### Task instructions
Print exactly what appears from the line containing "vidaXL Garden Parasol" through the final line of the data below, pictures excluded.

### Data to use
- Opening Delimiter -
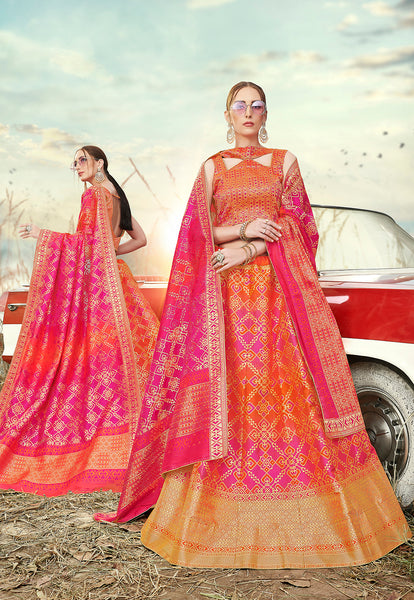 Deep Pink & Orange Designer Wedding Partywear Banarasi Silk Jacquard Lehenga Banarasi Silk Jacquard Dupatta & Banarasi Silk Jacquard Blouse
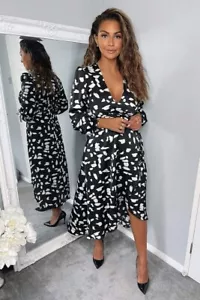 Abito midi donna taglia 6 Armani Exchange Paris mono astratto avvolgente AX Paris - Foto 1 di 7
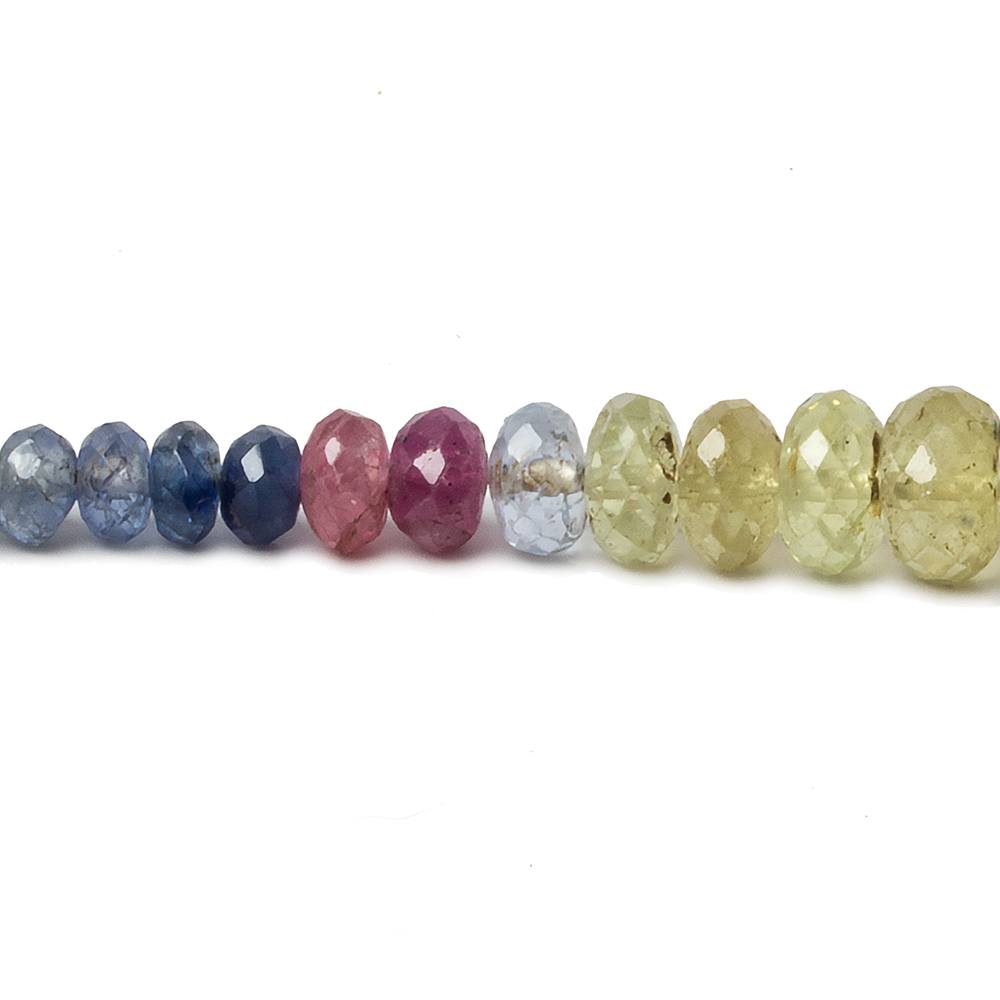 2.5-7mm Multi-gemstone of Ruby, Sapphire, Emerald Faceted Rondelle Beads 22 inch 223 pieces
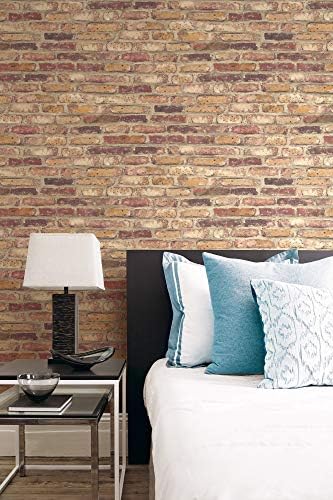 NextWall Faux Rustic Red Brick Peel and Stick Wallpaper - Image 5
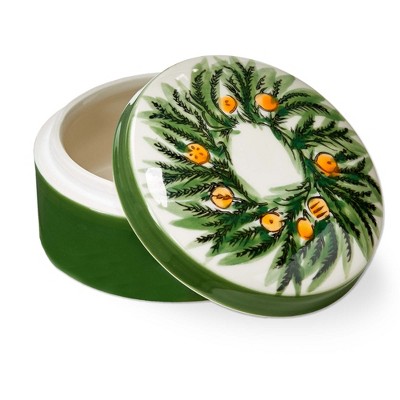 tag Citrus Grove Ceramic Trinket Dish - Decorative Green Multi Tray for Christmas, 4" x 4" x 2.24" - Easy Wipe Clean
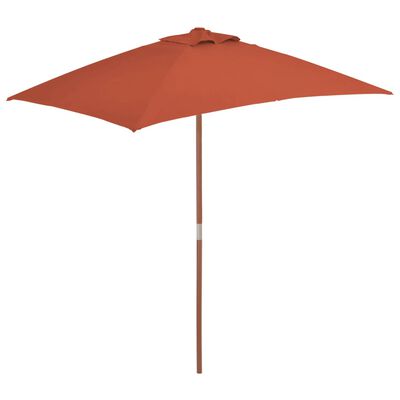 vidaXL Garden Parasol with Wooden Pole 150x200 cm Terracotta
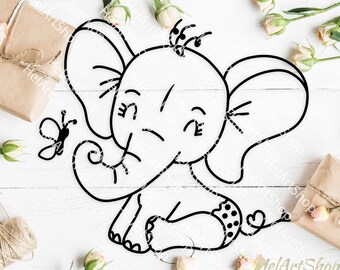 Download Baby Elephant Svg Etsy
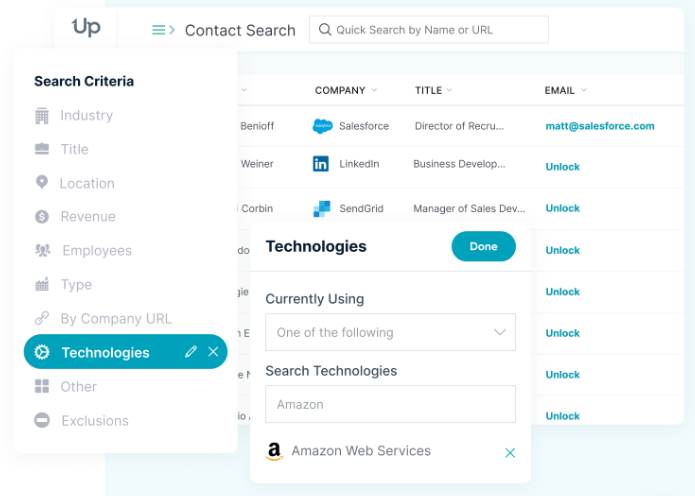B2B Database: UpLead advanced search functions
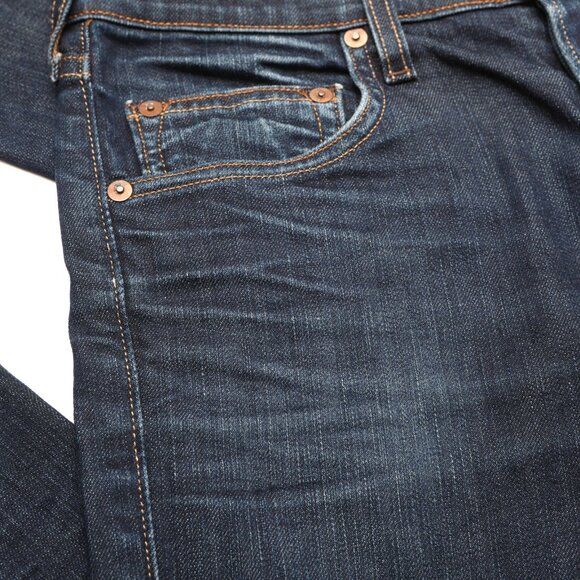 True Religion Rocco Mens Jeans Straight Slim Leg Button Fly Dark Blue Denim 28 - Picture 10 of 12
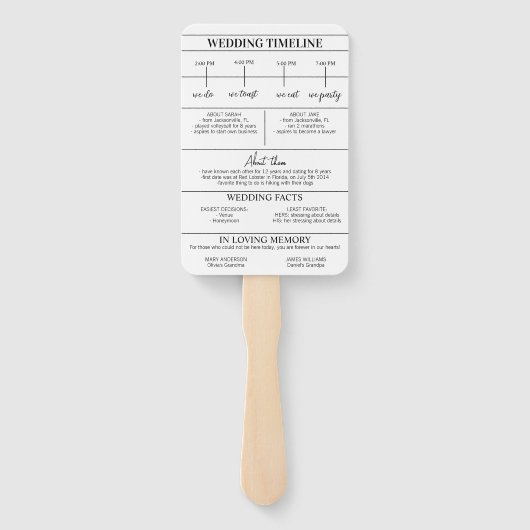 新聞の結婚式の日プログラム結婚のタイムライン ハンドファン (裏面)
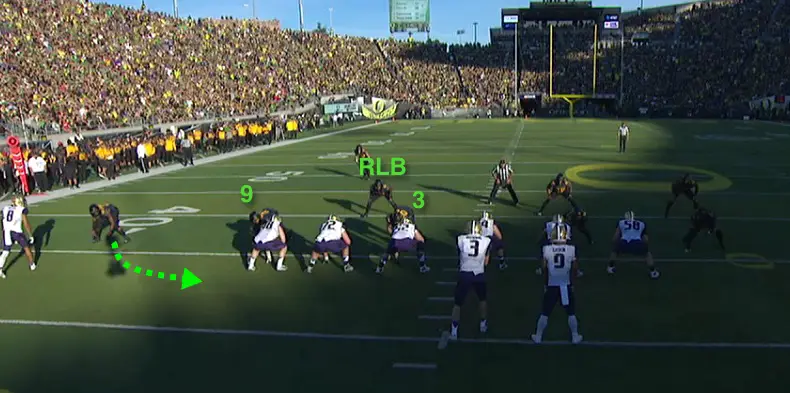 Oregon's defense is lined up correctly.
- Closing Delimiter -
### Response to the exercise
 vidaXL Garden Parasol with Wooden Pole 150x200 cm Terracotta
 Download Baby Elephant Svg Etsy
B2B Database: UpLead advanced search functions
 True Religion Rocco Mens Jeans Straight Slim Leg Button Fly Dark Blue Denim 28 - Picture 10 of 12
 新聞の結婚式の日プログラム結婚のタイムライン ハンドファン (裏面)
 Oregon's defense is lined up correctly.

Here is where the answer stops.